Therefore, how to manufacture a stable and accurate conductive circuit and how to alleviate a serious interface problem between a liquid metal and a substrate elastic network have become urgent problems to be solved.

SUMMARY OF THE INVENTION

To resolve the foregoing technical problems, the present invention provides an air-permeable stretchable circuit which can be activated by stamping, a preparation method and use thereof. The present invention can ensure air permeability and stretchability by using the nanofiber membrane. Since the liquid metal particles match the fiber diameter, the liquid metal inside the nanofiber can escape through stamping to form a conductive path, and thus the circuit can be prepared with high precision.

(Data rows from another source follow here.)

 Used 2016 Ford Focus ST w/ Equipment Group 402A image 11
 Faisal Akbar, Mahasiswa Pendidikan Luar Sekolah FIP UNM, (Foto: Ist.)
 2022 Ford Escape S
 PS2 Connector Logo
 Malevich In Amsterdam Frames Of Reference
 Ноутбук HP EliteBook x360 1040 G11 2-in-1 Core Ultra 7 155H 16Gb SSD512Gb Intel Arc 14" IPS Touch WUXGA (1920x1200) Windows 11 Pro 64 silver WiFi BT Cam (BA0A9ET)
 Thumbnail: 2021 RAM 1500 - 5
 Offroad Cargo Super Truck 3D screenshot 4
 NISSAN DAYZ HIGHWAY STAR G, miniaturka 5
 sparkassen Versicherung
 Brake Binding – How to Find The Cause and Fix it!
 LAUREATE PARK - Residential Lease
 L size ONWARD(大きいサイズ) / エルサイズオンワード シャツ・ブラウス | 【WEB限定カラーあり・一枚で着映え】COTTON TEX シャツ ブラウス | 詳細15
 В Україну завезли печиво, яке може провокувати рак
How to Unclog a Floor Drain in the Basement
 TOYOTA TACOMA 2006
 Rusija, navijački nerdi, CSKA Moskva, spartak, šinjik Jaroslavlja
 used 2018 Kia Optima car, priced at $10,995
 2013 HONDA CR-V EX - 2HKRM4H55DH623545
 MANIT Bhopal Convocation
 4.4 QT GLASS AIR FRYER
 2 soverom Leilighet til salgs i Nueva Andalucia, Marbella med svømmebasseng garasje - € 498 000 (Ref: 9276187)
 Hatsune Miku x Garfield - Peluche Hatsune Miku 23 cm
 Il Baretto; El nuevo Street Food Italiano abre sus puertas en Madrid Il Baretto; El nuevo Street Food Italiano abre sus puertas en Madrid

The present invention is achieved by the following technical solutions.

A first object of the present invention is to provide a method for preparing an air-permeable stretchable circuit, which can be activated by stamping, comprising the following steps of:

• • dissolving a thermoplastic polymer in a solvent, adding liquid metal particles and mixing to obtain a mixed solution;
  • performing electrospinning on the mixed solution to prepare a nanofiber membrane;
  • performing a stamping on the nanofiber membrane with a stamping mould having a circuit pattern, to obtain the air-permeable stretchable circuit which can be activated by stamping.

In an embodiment of the present invention, the thermoplastic polymer is selected from the group consisting of polyurethane, PVDF, PVDF-HFP, PVA, SBS SEBS, and any combination thereof.

In an embodiment of the present invention, the solvent is selected from the group consisting of hexafluoroisopropanol, tetrahydrofuran, acetone, N,N-dimethylformamide, N,N-dimethylacetamide, water, dichloromethane and any combination thereof.

In an embodiment of the present invention, the metal in the liquid metal particles is selected from the group consisting of gallium, gallium-indium alloy, gallium-indium-tin alloy, indium-tin-bismuth alloy and any combination thereof.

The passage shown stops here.